Dataset content:
*** Block opens ***

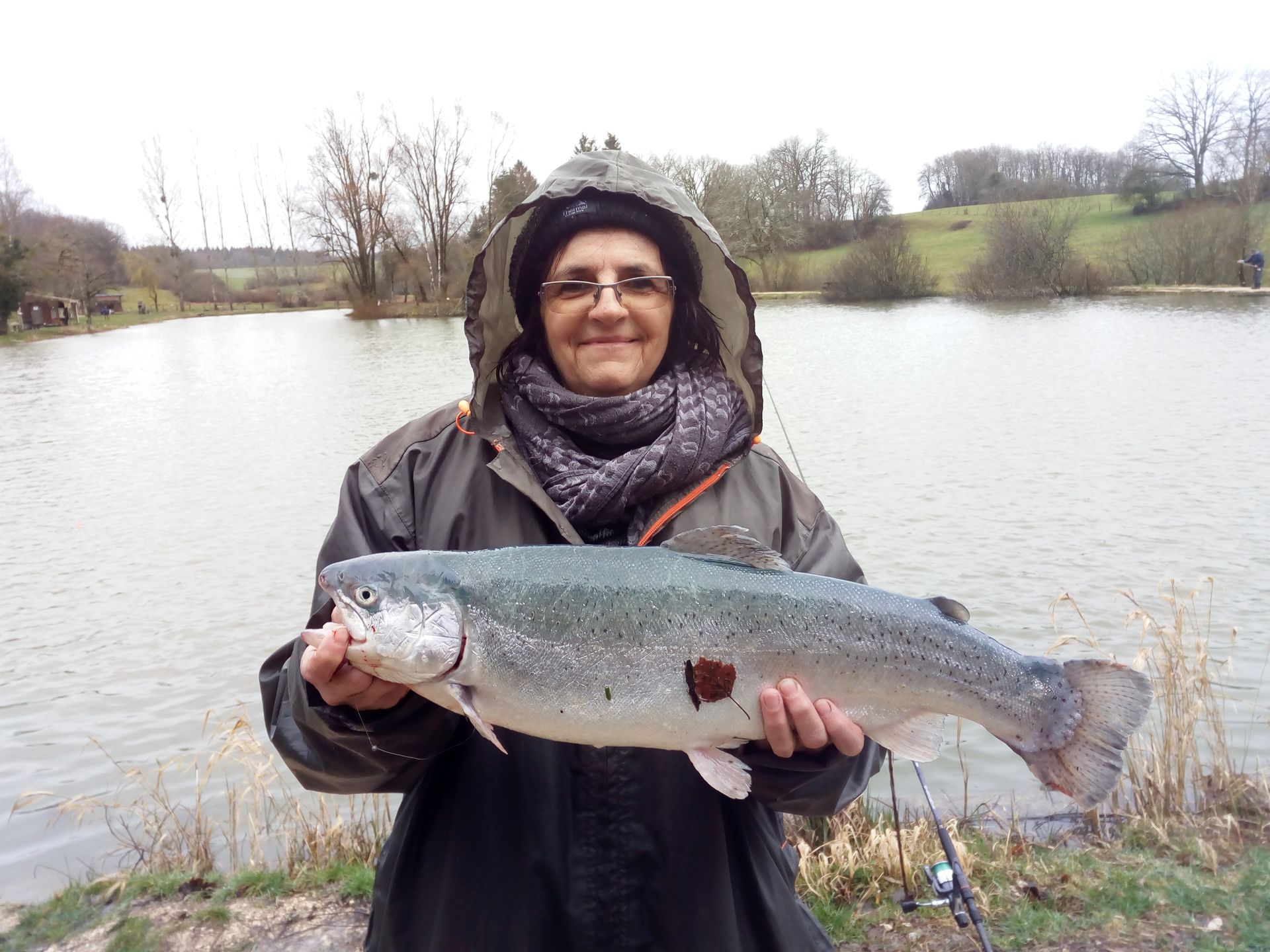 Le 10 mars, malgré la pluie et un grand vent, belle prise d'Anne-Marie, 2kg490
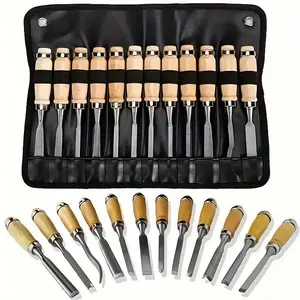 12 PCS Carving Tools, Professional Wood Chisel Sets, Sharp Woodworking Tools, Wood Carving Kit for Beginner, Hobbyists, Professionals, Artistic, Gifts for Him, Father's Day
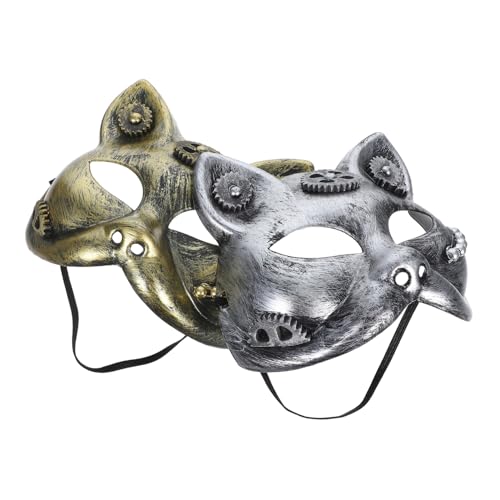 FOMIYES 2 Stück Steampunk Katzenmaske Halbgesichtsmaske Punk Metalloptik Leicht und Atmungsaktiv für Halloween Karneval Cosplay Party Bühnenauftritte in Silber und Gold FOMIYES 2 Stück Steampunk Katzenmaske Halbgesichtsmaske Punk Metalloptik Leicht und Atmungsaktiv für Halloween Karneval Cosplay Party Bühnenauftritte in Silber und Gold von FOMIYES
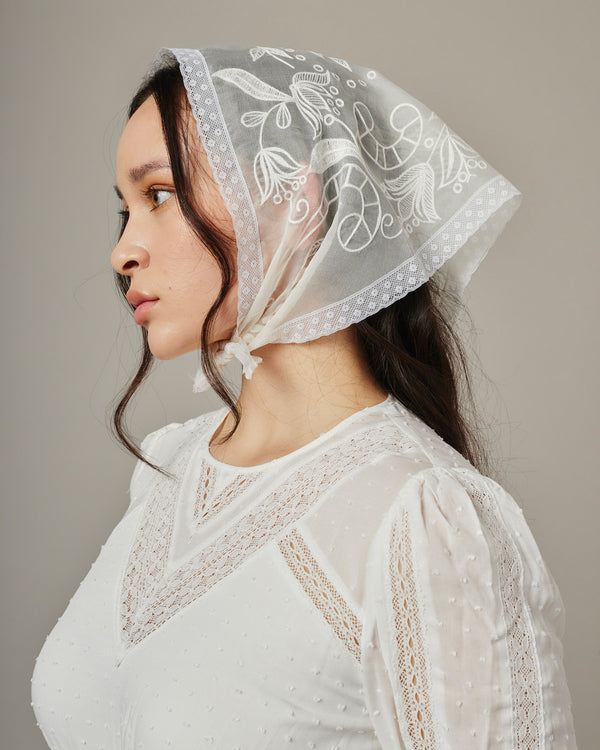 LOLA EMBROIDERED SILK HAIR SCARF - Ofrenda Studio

*** Block closes ***

Problem to solve: Print the data above from its first line through the line that has "12 PCS Carving", exactly and with nothing else, omitting pictures.

Solved problem:
 Le 10 mars, malgré la pluie et un grand vent, belle prise d'Anne-Marie, 2kg490
 12 PCS Carving Tools, Professional Wood Chisel Sets, Sharp Woodworking Tools, Wood Carving Kit for Beginner, Hobbyists, Professionals, Artistic, Gifts for Him, Father's Day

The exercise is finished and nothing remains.